1944’te Paris’te ilk kişisel sergisini açan }. Dubuffet’ye göre ham sanata (art brut) özgü yapıtlar, geleneksel sanat anlayışına karşıdır ve her zaman için, herhangi bir toplumsal sistemin parçası olan her türlü kurumun dışında yaratılmıştır; bunlar sanat kültüründen “zarar görmemiş” kişiler tarafından gerçekleştirilmiş yapıtlardır. Aydınlarda görülenin tersine, bu kişilerde “benzetme” payı ya çok azdır, ya da hiç yoktur; öyle ki, söz konusu yapıtları gerçekleştirenler her şeyi [konu, kullanılan araç gereç, aktarım yolları, yapıtı oluşturma biçimleri, vb.} klasik sanatın ya da günün modası olan sanatın basmakalıp klişelerinden değil de, kendi öz kaynaklarından çekip çıkarırlar. Kaçınılmaz biçimde doğal ve zorlamasız olarak gerçekleştirilen bu tür yapıtlar, çoğunlukla bazı akıl hastalarının plastik etkinliklerini sergiler. Bununla birlikte, psikopatolojik dengesizlik, bir yapıtın ham sanat ürünü olup olmadığı konusunda ölçüt olarak ele alınamaz.
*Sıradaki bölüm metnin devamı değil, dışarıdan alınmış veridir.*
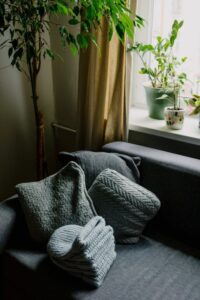 Tips for Creating a Cozy and Inviting Home Environment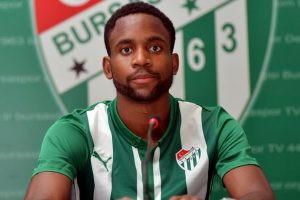Bakambu Villareal'de!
Biçimsel uzlaşmalara saygı, toplumsal yaşama uyum gösteren kişilerde olduğu kadar, akıl hastanesine kapatılmış kişilerde de vardır.
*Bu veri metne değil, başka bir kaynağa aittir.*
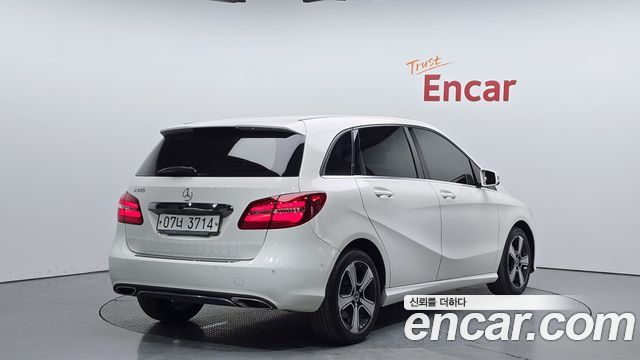 Mercedes-Benz B-Class 2018 — photo 2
Ham sanata özgü yapıtlar yalnızca, yaratılmalarına yön veren “gizemsel bir esin altında kalmış coşkunluklardır”. İşte bu nedenle, Dubuffet, bu türden yapıtları bir araya toplayabilmek için, 1948’de büyük bir araştırmaya girişti (bu toplama işi 1948’de Ham Sanat Topluluğunun kurulmasıyla daha da kolaylaştı).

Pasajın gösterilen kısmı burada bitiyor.